2. Andrew Strauss (unchanged) Another frustrating series with the bat- Strauss never looked woefully out of form, but the one time he did manage to get past 50, he was bowled trying to sweep a spinner. Moreover, in the fourth Test, he got bogged down and played a loose shot to give Sreesanth a wicket. In a winning team, these dismissals aren’t a cause for alarm or concern. But he must be desperate for some more centuries.
3. Graeme Swann (unchanged) The perfect spinner for this bowling unit: Swann offers control and guile (albeit tail enders have shown a tendency to slog him over the boundary) on unfavourable pitches, allied with massive spin, canny flight and unpredictable bounce on those wickets that turn. He is sure to play a huge role in the new year, as well as the forthcoming ODIs.

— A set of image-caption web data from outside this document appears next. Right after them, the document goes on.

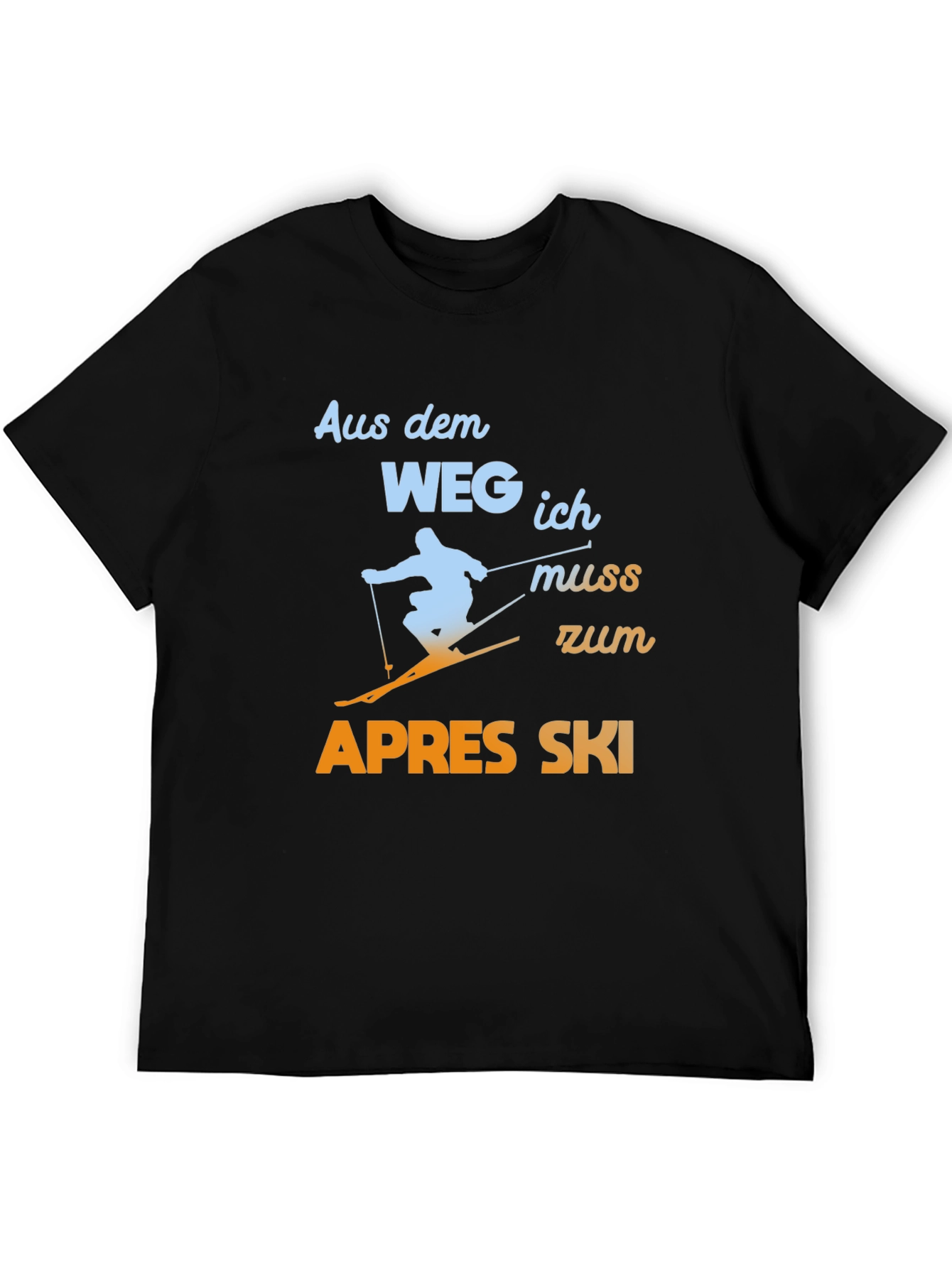 Black Apres Ski T-Shirt - Funny Skiing Tee view 5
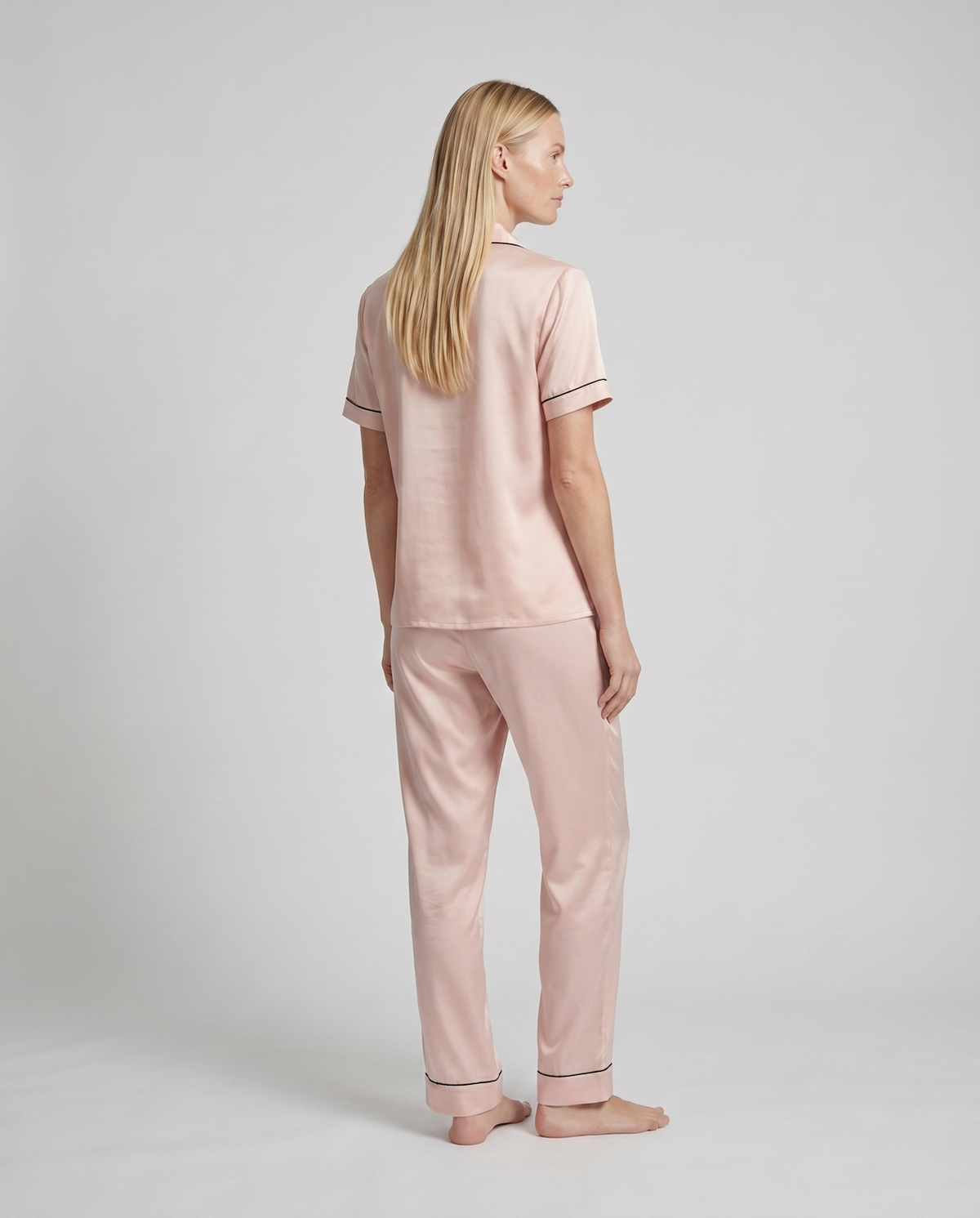 100% Mulberry Silk Pajama Set – Short Sleeve Button Top &amp; Long Pants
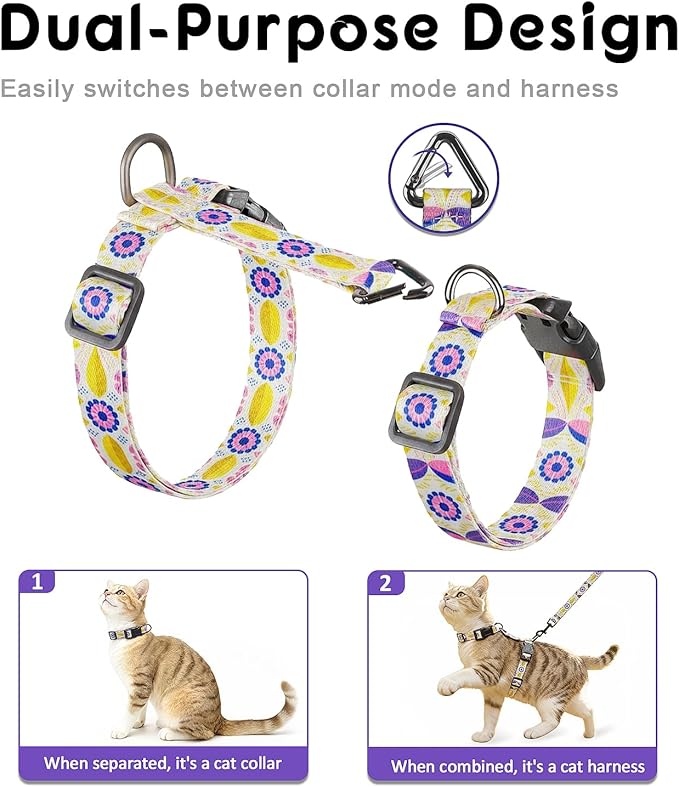 Halypet Cat Harness and Leash Set, Escape Proof 3-in-1 Adjustable Harness for Cats & Kitten, Soft Lightweight, Easy On & Control for Walking, Travel & Outdoor Use, Pastel Floral, Small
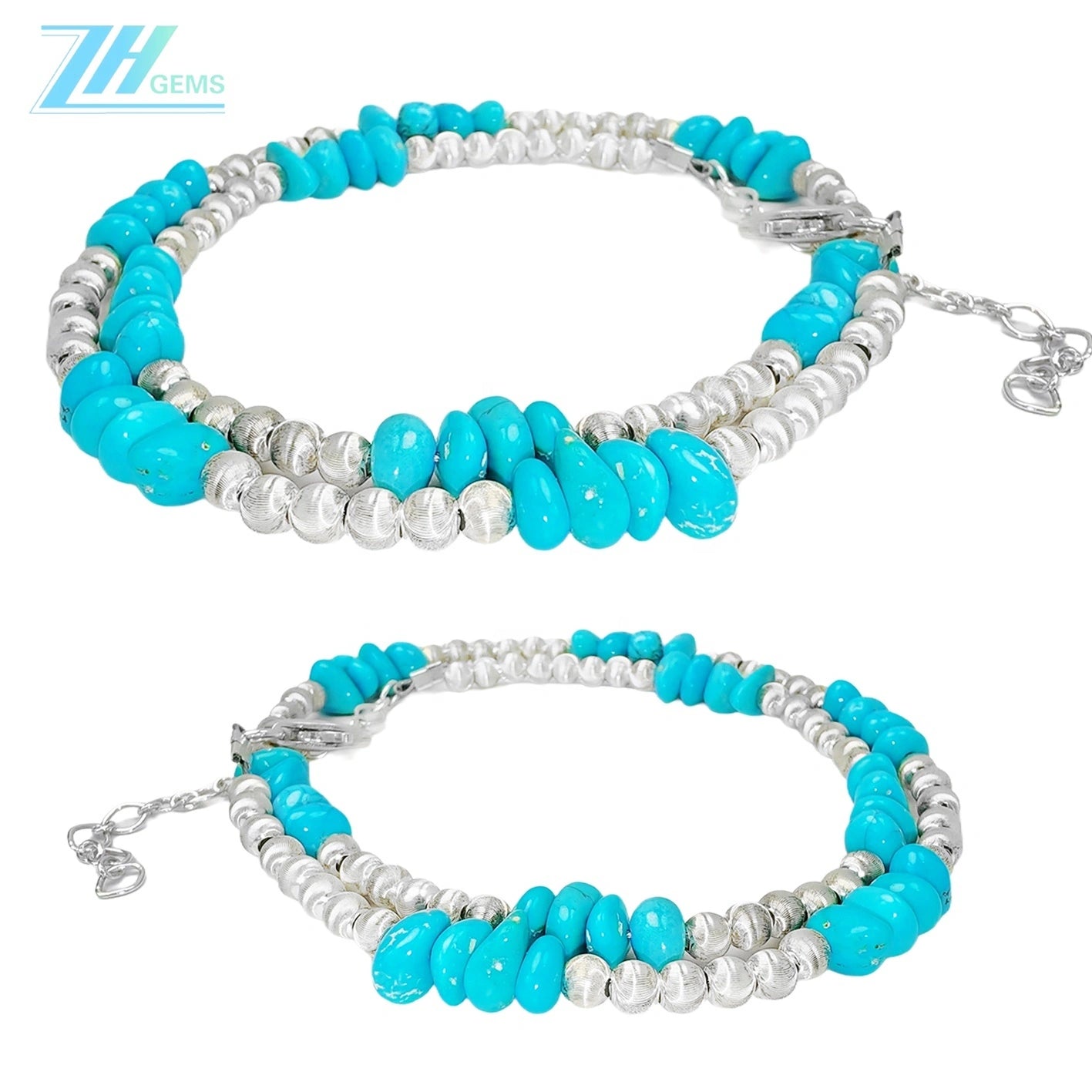 Hot Selling Sleeping Beauty Mine Natural Sterling Treatment Turquoise Necklace S925 Silver Beads Retro Unisex Jewelry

4. Jimmy Anderson (unchanged) Turning to our July ladder:
“Speaking of great contests, Anderson’s role with the new ball against India will be vital, particularly if and when Virender Sehwag appears. With no disrespect to Pakistan or Bangladesh and lots of disrespect to Australia, his magnificent run of form has not been against the most competitive or stable of batting line-ups. If he can perform along similar lines to his average since January 2010 of 23.08 (especially if it brings a series victory) then it might be time to start placing Anderson on a list of the all-time best England quicks.”
Okay, Sehwag appeared and disappeared as quickly as a vanilla slice on Samit Patel’s plate, but Anderson’s 21 wickets at 25.71, including many important players at key moments, were conclusive.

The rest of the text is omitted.